Friday, March 7, 2014


Walter De Maria
·      Walter is a “reclusive” American Artist, sculptor, illustrator and composer but I am most interested in his installations. A lot of his work was only achievable with precise measurements.
·       One of the pieces he is most known for is the lightning Field In the New Mexico desert.

·      “He realized Land art projects in the deserts of the southwest US, with the aim of creating situations where the landscape and nature, light and weather would become an intense, physical and psychic experience.”
·      “It consists of 400 stainless steel posts arranged in a calculated grid over an area of 1 mile × 1 km. The time of day and weather change the optical effects. It also lights up during thunderstorms. The field is commissioned and maintained by Dia Art Foundation, which he was the founding director of.”

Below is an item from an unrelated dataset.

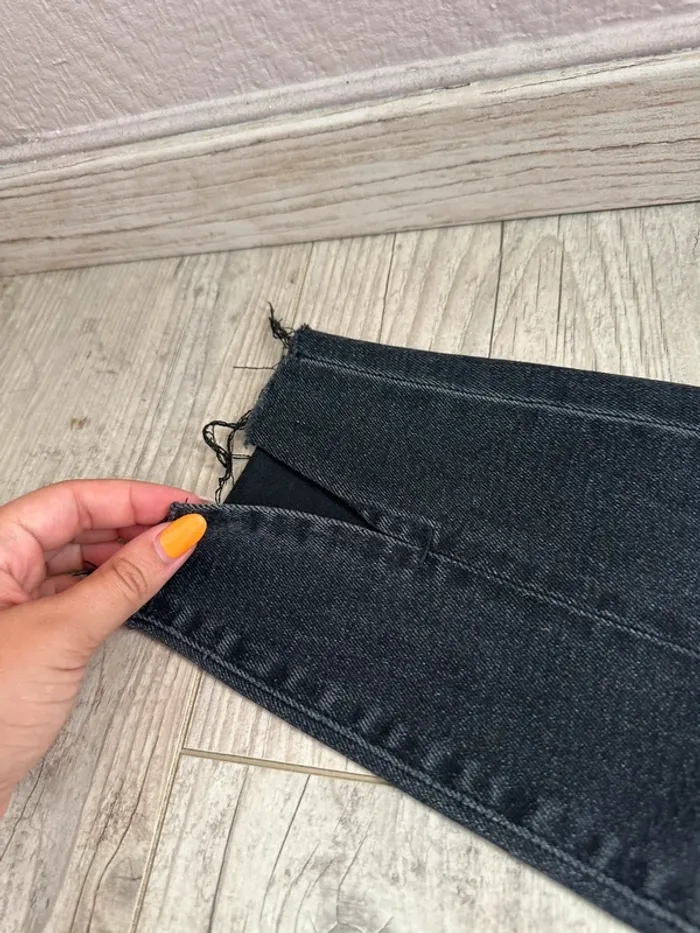 Jeans mom slim stretch noir stradivarius - photo numéro 6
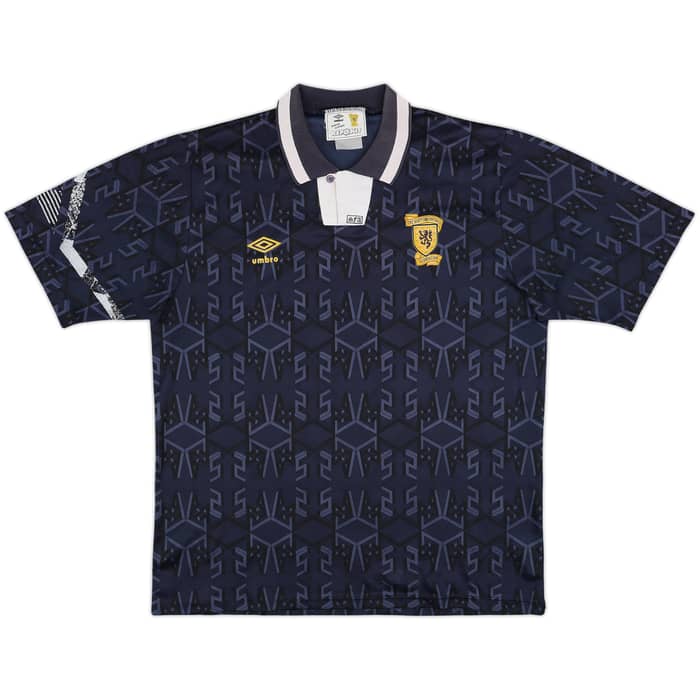 1991-94 Scotland Home Shirt - 8/10 - (L)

·      “The possibility that lightning would strike the poles was rarely fulfilled, but the piece could look glorious at dawn or sunset, and its hard-won perfection (all the points of the poles were at the same level) brought a striking sense of order to the desert.”

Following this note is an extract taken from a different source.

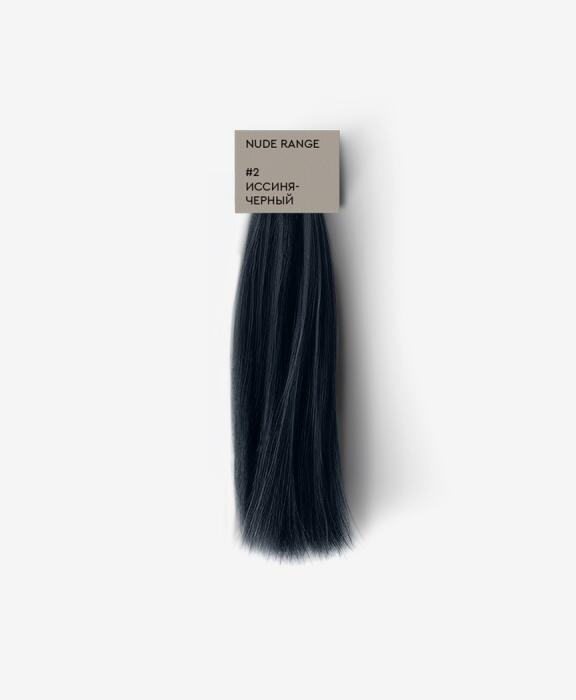 Eyebrow and eyelash cream dye NUDE RANGE BRONSUN blue black #2, 0.51 fl.oz (15 ml)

·      His Use of stainless stele allows him to attract and ground the lightning to the earth.
·      He said that this installation is supposed to make the viewer think about the earth and how it connects with the universe.

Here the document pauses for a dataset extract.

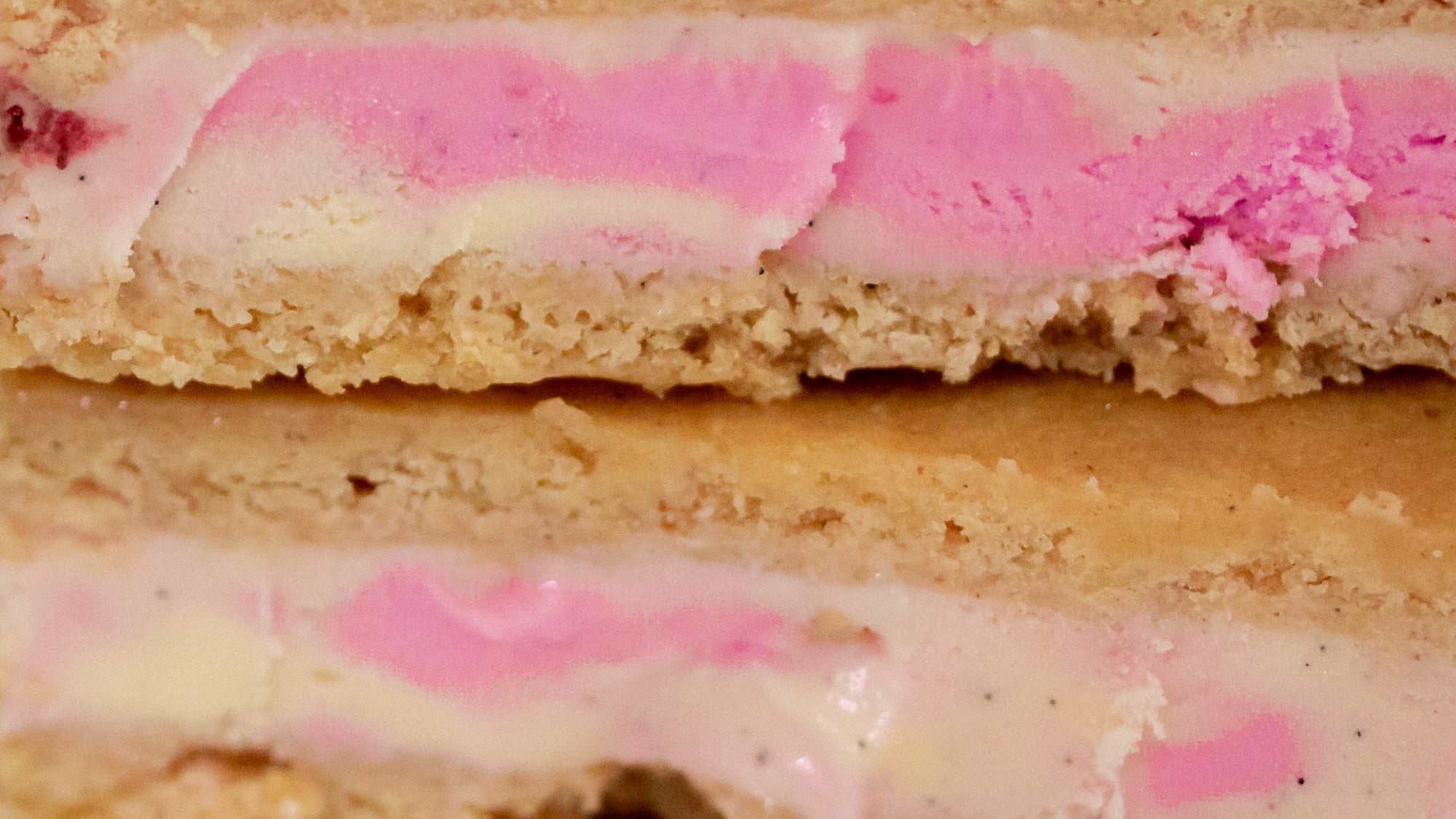 Lemon Ginger & Strawberry Ice Cream Sandwiches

·      This piece was really successful in making viewers feel the connection between the two, and I think that is why this is his best piece.
·      I love this artist’s work, because of how successfully he communicated the connection between the universe and the earth, and how he brings order to the chaotic desert in his art.
·      “The 2000 Sculpture” (1992), by Walter De Maria, an example of his groupings of ordered elements using precise measurements
·      He showed me a new way to look at art by, harnessing uncontrollable elements like lightning.
·      He shows the unpredictable side of art that I am not familiar with.
·      Studding his works of art allows me to look at art through a perspective that I am not used to.